I gave a review of spin foam models and an introduction to the following new papers:
7) John Baez and J. Daniel Christensen, Positivity of spin foam amplitudes, available at gr-qc/0110044.
8) J. Daniel Christensen and Greg Egan, An efficient algorithm for the Riemannian 10j symbols, available at gr-qc/0110045.
The Riemannian 10j symbols are a function of ten spins that serves as the amplitude for a spin foam vertex in the Barrett-Crane model of Riemannian quantum gravity - by which I mean the theory where we do a real-time path integral over Riemannian metrics. This is different from so-called "Euclidean quantum gravity", where we do an imaginary-time path integral over Riemannian metrics. As far as I can tell, Riemannian quantum gravity is only important insofar as it's a useful warmup for Lorentzian quantum gravity.
In their paper, Christensen and Egan describe an algorithm that computes the Riemannian 10j symbols using O(j5) operations and O(j2) space, as well as an algorithm that uses O(j6) operations and a constant amount of space. This is in contrast to the most obvious methods, which use O(j9) operations and O(j2) or more space. Perhaps most importantly to the practical-minded among us, their paper includes a link to some code in C that implements this algorithm.
In our paper, Christensen and I show that the Riemannian 10j symbols are real, and that when they are nonzero, they are positive (resp. negative) when the sum of the ten spins is an integer (resp. half-integer). The proof is a nice exercise in spin network theory.
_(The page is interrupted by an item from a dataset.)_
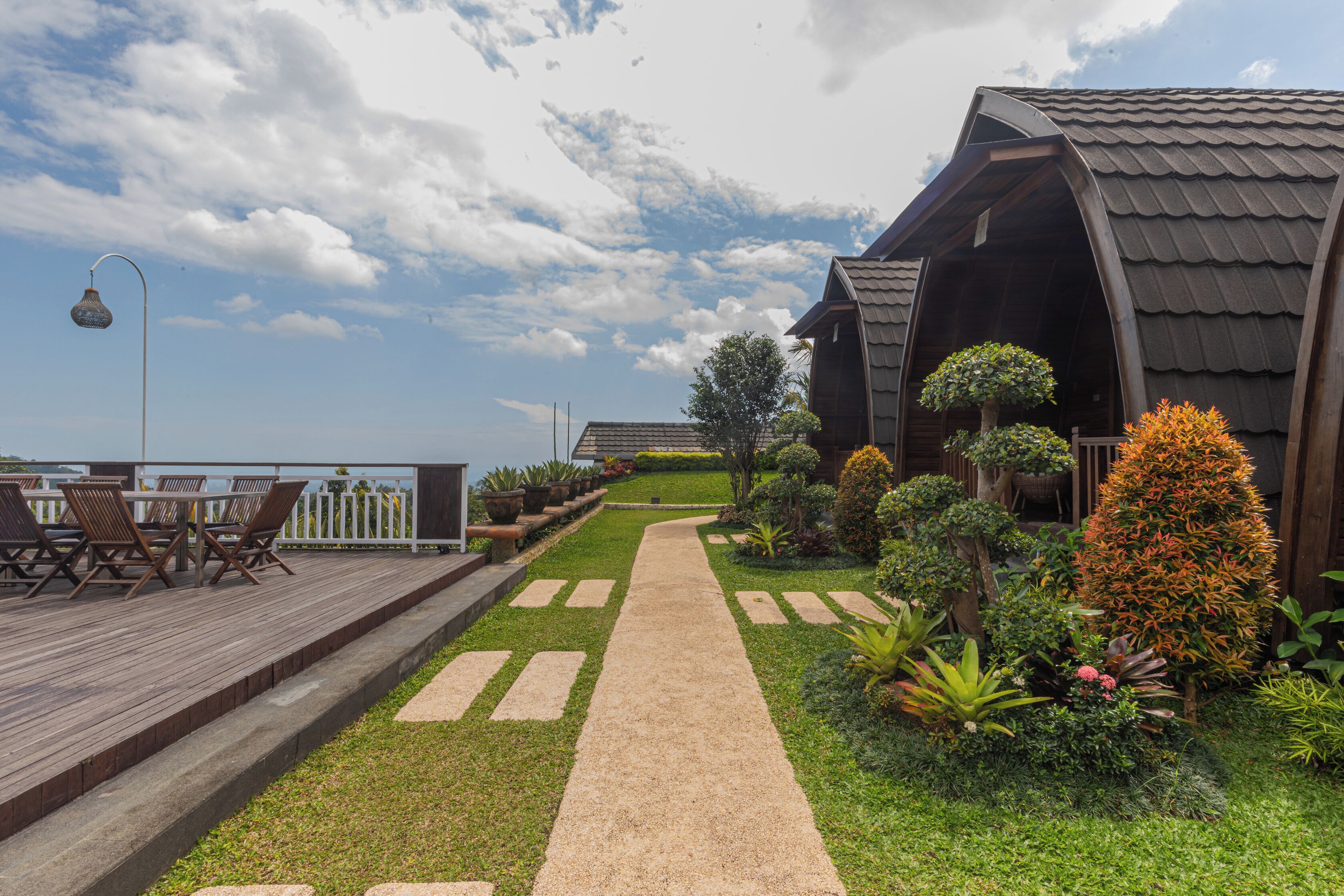 A wooden deck with outdoor furniture, a pathway, and a building with a sloped roof.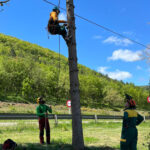 jóvenes practicando la escalada de un árbol bajo la supervisión de instructores de sustraimendi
We also show that for a closed spin foam of the type appearing in the Barrett-Crane model, the minus signs cancel when we take the product of Riemannian 10j symbols over all the spin foam vertices. It follows that in both the original Riemannian Barrett-Crane model, and also the modified version due to Perez and Rovelli, the amplitudes of spin foams are nonnegative.
This is interesting because, as Lee Smolin has often emphasized, it's hard to simulate spin foams on the computer unless the amplitudes are nonnegative. Nonnegative amplitudes allows us to use ideas from statistical mechanics, like the Metropolis algorithm. This is one reason lattice gauge theory people prefer imaginary-time path integrals to real-time ones. Of course, in lattice gauge theory, we can do Wick rotation to get real physics from imaginary-time path integrals. In quantum gravity, Wick rotation is more problematic, though Renate and others have considered situations where it's justified. It thus comes as a pleasant surprise to find that sometimes spin foam amplitudes are nonnegative without doing Wick rotation.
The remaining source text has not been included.